Nos procédés heuristiques, tout ce que nous trouvons dans nos livres, nos blogs et nos videos, dans nos conversations, ceux que nous essayés une fois ou deux comme ceux que nous utilisons depuis des années avec succès ; tous ces procédés sont aussi fiables et sûrs que peut l’être un procédé heuristique : une approche supposée produire dans les meilleurs délais la réponse à un problème donné, possiblement contredite par d’autres approches, et sans garantie de résultat.

Si vous contribuez de près ou de loin à un développement de logiciel, ce constat relativiste vous rendra peut être chagrin. Et si vous travaillez dans une de ces entreprises qui culturellement mettent au pilori l’incertitude et la lenteur, eh bien ça tombe mal.

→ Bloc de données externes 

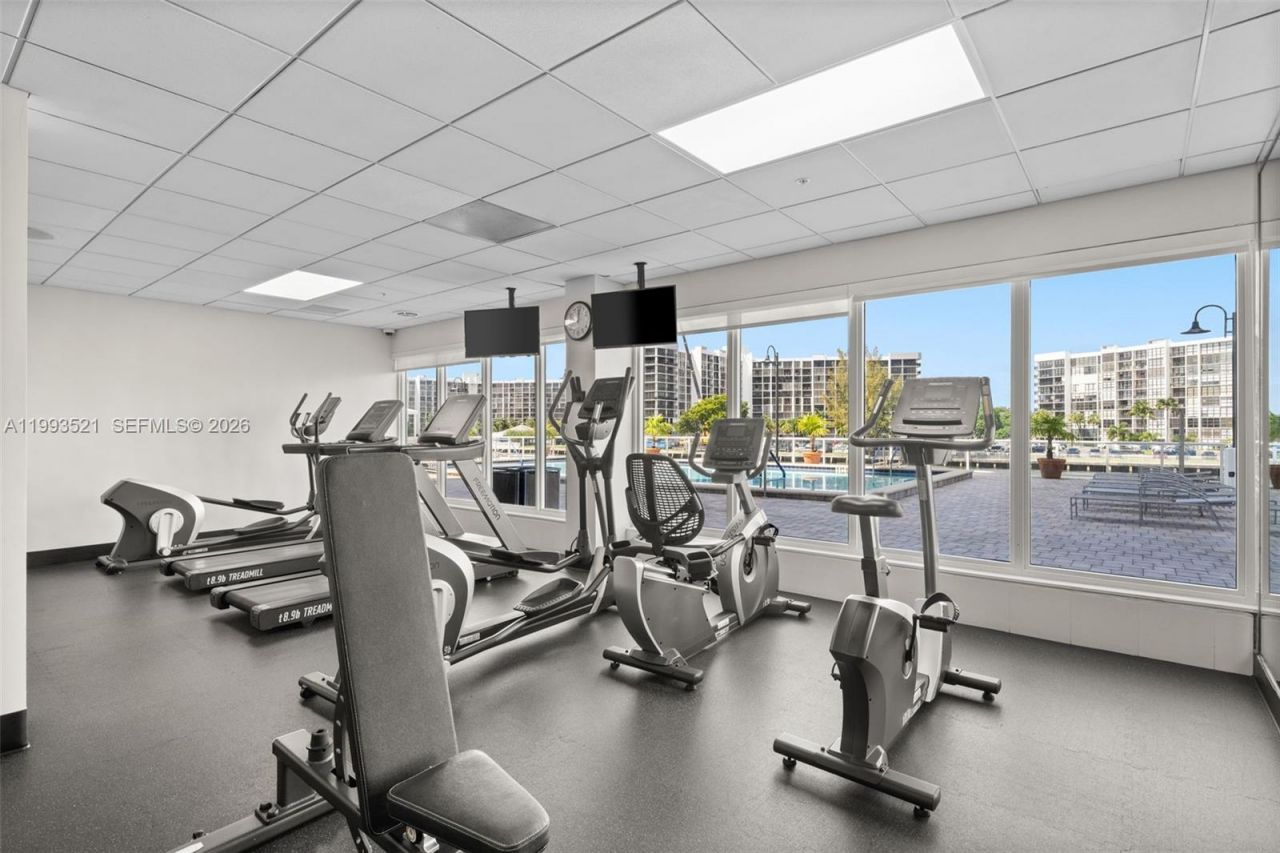 3000 S Ocean Dr, Unit 606, Hollywood, FL 33019 Photo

Mauvaise nouvelle : votre logiciel lui-même, ce système fragile et complexe qui tourne en production et qui crée de la valeur, n’est pas en meilleure posture. Non seulement parce qu’il est bien sûr le fruit de ces approches heuristiques, mais en plus parce que la capacité de votre équipe à suivre et appliquer ces approches incertaines est elle-même chancelante. Que celui ou celle qui n’a jamais annulé une revue ou renoncé à écrire des tests parce que tout devenait urgent vous jette la première pierre.

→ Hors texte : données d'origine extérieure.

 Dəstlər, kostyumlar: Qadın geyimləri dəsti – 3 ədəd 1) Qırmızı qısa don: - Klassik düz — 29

Et après tout, en dépit du fait que vous écrivez peut être “méthode” (voire “méthodologie”) avec un M majuscule, si vous mettez un peu d’exigence dans votre travail, force est de constater que vous avez une plus grande certitude à propos des problèmes constatés dans vos programmes qu’à propos de leur fiabilité en général.

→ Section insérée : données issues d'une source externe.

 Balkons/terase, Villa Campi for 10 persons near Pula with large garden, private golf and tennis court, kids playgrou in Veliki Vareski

C’est ce que fait remarquer Taleb dans son livre Anti-Fragile, section “via negativa” : nous en savons plus à propos de ce qu’une chose n’est pas qu’à propos de ce qu’elle est.

Cela rappelle aussi la théorie de Karl Popper sur le fait que la connaissance scientifique repose sur des assertions falsifiables, et qu’en général, “lorsque nous proposons une solution à un problème, nous devrions essayer autant qu’il est possible de démolir notre solution plutôt que de la défendre. Peu d’entre nous malheureusement mettent ce précepte en pratique. Mais d’autres que nous, heureusement, nous apporterons la critique si nous ne pouvons le faire nous-mêmes”.

Concernant nos développements, la chose sur laquelle nous pouvons être véritablement factuels est la présence de défauts. (En supposant bien sûr un agrément des acteurs concernés sur ce qu’il convient de désigner par ce terme de “défaut”).

En somme, la connaissance que nous avons des problèmes dans nos programmes est plus solide que la connaissance de leur fonctionnement correct.

Il est impossible de quitter ces considérations sans citer le malicieux Knuth :

Beware of bugs in the above code; I have only proved it correct, not tried it.